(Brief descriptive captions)
--*--
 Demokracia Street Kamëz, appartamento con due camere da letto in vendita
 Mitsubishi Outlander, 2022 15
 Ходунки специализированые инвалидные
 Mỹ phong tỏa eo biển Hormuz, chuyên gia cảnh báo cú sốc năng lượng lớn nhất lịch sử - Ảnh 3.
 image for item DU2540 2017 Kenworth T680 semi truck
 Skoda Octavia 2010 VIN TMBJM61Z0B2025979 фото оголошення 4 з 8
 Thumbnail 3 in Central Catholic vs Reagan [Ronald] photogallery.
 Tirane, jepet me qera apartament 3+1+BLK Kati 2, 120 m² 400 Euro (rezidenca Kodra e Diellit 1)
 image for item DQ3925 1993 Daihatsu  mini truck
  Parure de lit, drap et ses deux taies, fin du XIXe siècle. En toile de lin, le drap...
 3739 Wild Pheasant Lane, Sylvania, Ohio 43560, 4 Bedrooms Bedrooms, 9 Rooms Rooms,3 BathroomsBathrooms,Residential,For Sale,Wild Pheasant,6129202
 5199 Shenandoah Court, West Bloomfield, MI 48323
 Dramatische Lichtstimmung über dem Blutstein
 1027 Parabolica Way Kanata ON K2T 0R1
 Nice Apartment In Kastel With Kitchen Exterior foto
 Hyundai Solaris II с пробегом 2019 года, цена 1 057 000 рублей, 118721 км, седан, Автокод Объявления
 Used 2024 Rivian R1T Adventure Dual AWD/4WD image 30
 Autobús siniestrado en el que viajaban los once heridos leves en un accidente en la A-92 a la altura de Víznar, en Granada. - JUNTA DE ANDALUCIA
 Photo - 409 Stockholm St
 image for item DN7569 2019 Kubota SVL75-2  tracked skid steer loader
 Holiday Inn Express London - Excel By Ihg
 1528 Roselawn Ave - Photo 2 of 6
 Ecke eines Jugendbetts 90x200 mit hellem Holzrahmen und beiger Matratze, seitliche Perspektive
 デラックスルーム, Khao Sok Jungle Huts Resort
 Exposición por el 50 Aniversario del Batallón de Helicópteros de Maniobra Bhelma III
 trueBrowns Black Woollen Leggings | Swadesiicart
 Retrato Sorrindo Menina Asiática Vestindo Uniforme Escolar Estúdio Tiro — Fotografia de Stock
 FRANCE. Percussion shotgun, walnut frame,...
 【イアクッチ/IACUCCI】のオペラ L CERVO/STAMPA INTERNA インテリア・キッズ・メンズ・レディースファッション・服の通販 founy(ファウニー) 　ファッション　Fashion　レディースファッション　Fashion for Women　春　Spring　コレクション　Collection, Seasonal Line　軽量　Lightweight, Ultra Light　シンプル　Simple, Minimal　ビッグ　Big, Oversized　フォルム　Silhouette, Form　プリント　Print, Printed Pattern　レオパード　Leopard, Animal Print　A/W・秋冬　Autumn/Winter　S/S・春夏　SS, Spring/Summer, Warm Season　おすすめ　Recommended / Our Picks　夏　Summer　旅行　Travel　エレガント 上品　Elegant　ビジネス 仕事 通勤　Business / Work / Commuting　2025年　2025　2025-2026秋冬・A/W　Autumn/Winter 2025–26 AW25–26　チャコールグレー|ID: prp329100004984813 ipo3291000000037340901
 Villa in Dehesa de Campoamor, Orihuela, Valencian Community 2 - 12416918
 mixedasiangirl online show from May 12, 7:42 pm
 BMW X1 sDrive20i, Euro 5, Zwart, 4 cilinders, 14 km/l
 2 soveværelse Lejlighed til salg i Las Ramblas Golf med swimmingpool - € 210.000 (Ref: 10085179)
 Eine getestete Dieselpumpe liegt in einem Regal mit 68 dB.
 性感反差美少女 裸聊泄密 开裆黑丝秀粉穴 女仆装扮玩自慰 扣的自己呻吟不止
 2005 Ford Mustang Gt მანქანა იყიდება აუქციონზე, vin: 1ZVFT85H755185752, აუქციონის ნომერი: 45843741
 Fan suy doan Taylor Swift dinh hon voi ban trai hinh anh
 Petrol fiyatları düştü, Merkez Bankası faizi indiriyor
--*--
> [YOUR INSTRUCTIONS]: Show me every line in the data above that includes "truck".

> [ANSWER]:
 image for item DU2540 2017 Kenworth T680 semi truck
 image for item DQ3925 1993 Daihatsu  mini truck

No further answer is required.